[MATERIAL FOR THIS TASK Boundary: Start]

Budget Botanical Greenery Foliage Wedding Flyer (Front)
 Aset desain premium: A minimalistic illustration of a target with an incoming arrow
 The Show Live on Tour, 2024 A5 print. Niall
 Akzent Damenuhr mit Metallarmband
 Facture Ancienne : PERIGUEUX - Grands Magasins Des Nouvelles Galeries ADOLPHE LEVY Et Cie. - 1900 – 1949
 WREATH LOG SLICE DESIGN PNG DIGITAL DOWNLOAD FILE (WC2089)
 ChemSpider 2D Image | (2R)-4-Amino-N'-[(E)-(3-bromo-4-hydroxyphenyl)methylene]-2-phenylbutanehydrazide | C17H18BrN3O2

[MATERIAL FOR THIS TASK Boundary: End]

TASK INSTRUCTIONS ::
Every line above needs to be retyped exactly.

RESULT OF THIS TASK ::
Budget Botanical Greenery Foliage Wedding Flyer (Front)
 Aset desain premium: A minimalistic illustration of a target with an incoming arrow
 The Show Live on Tour, 2024 A5 print. Niall
 Akzent Damenuhr mit Metallarmband
 Facture Ancienne : PERIGUEUX - Grands Magasins Des Nouvelles Galeries ADOLPHE LEVY Et Cie. - 1900 – 1949
 WREATH LOG SLICE DESIGN PNG DIGITAL DOWNLOAD FILE (WC2089)
 ChemSpider 2D Image | (2R)-4-Amino-N'-[(E)-(3-bromo-4-hydroxyphenyl)methylene]-2-phenylbutanehydrazide | C17H18BrN3O2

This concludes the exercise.